▶ _TASK BRIEF_: Your job is to give again, exactly and with no additions, the lines in the records below from the one with "Lot de 250 enveloppes" through the one with "Bolu’da, uyuşturucu, silah", both included. Omit the pictures.

▶ _MATERIALS PROVIDED_:
★ ★ ★ ★ ★

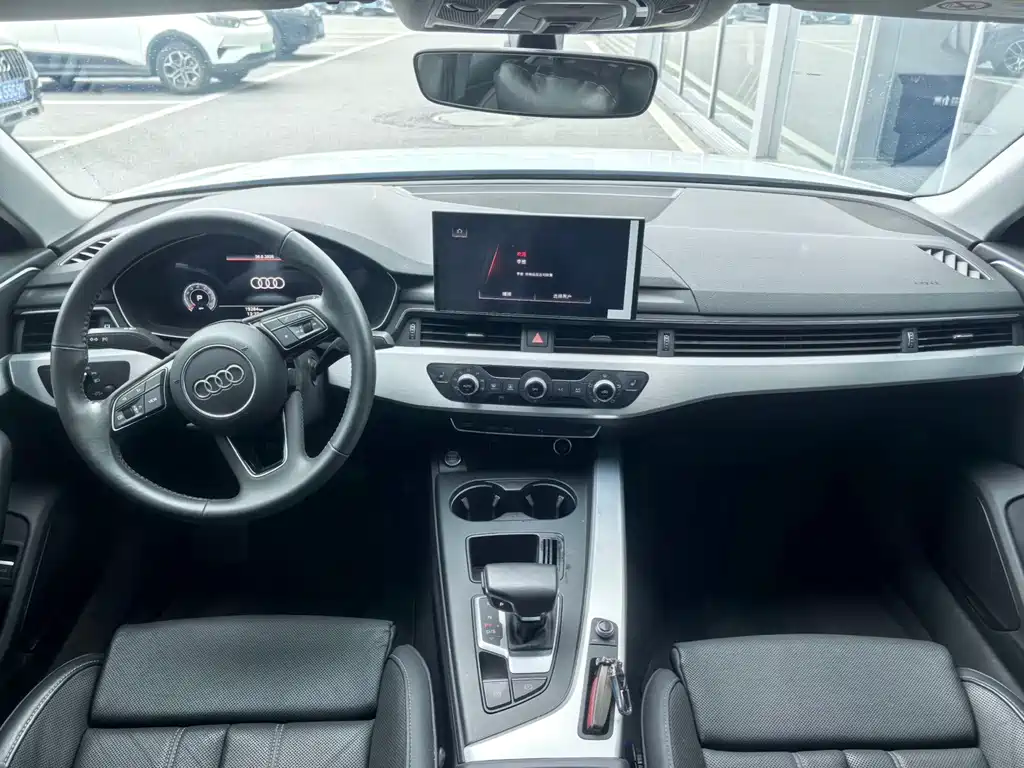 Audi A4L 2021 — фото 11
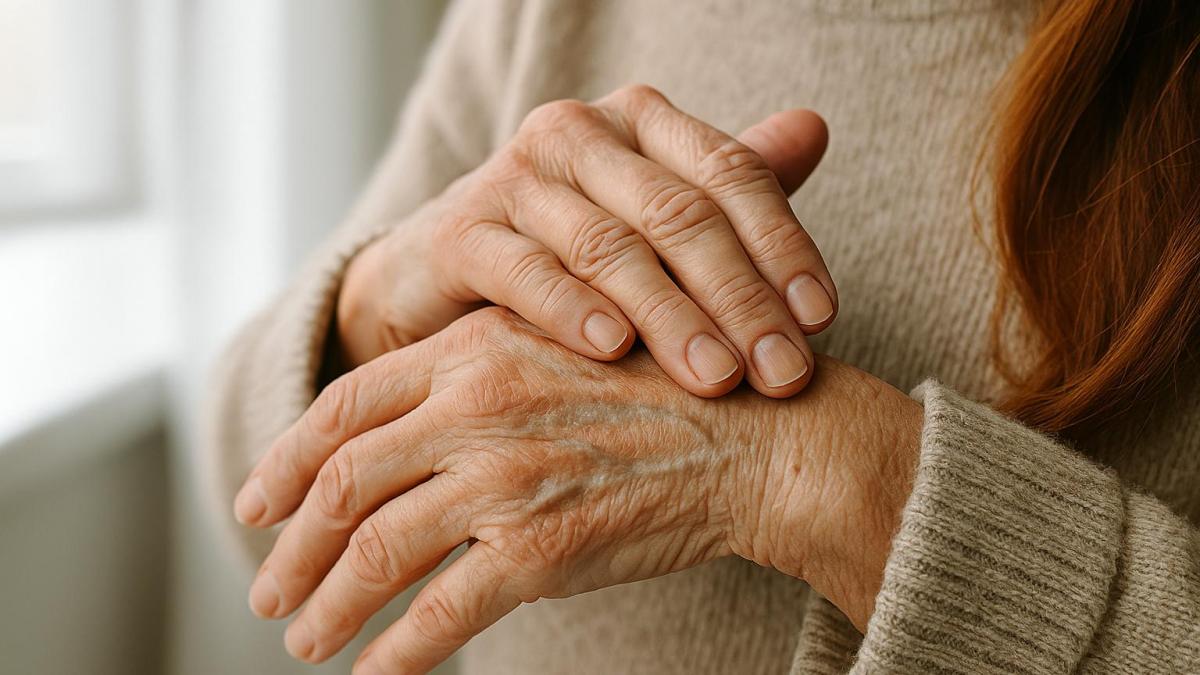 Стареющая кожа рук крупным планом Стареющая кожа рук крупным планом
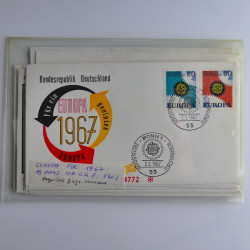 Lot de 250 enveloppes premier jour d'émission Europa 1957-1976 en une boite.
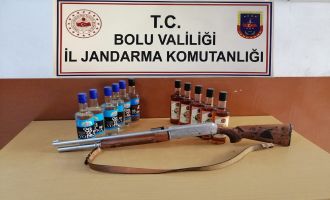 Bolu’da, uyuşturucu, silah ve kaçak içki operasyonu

★ ★ ★ ★ ★

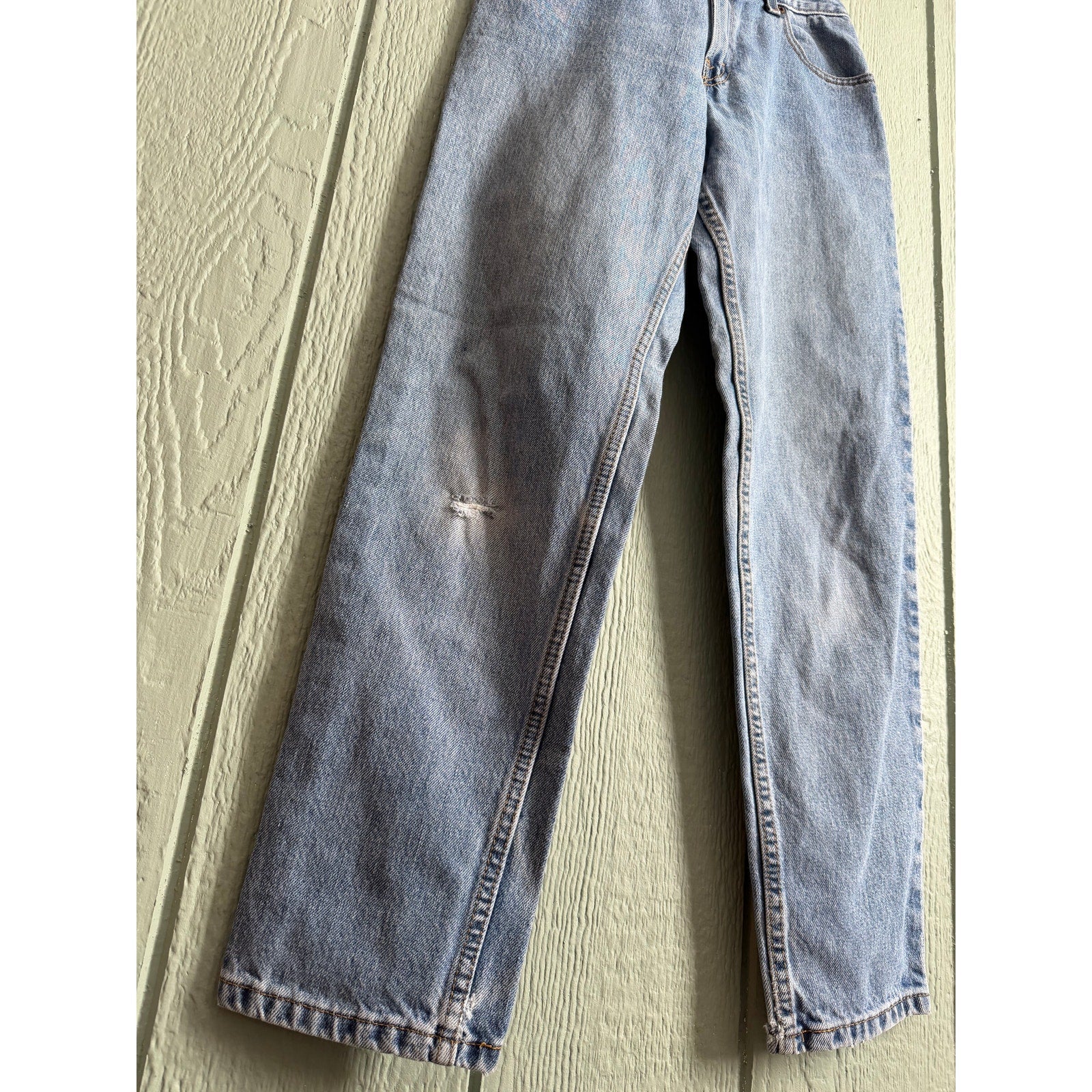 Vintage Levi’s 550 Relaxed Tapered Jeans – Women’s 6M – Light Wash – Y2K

★ ★ ★ ★ ★

▶ _SOLUTION TO THIS TASK_:
 Lot de 250 enveloppes premier jour d'émission Europa 1957-1976 en une boite.
 Bolu’da, uyuşturucu, silah ve kaçak içki operasyonu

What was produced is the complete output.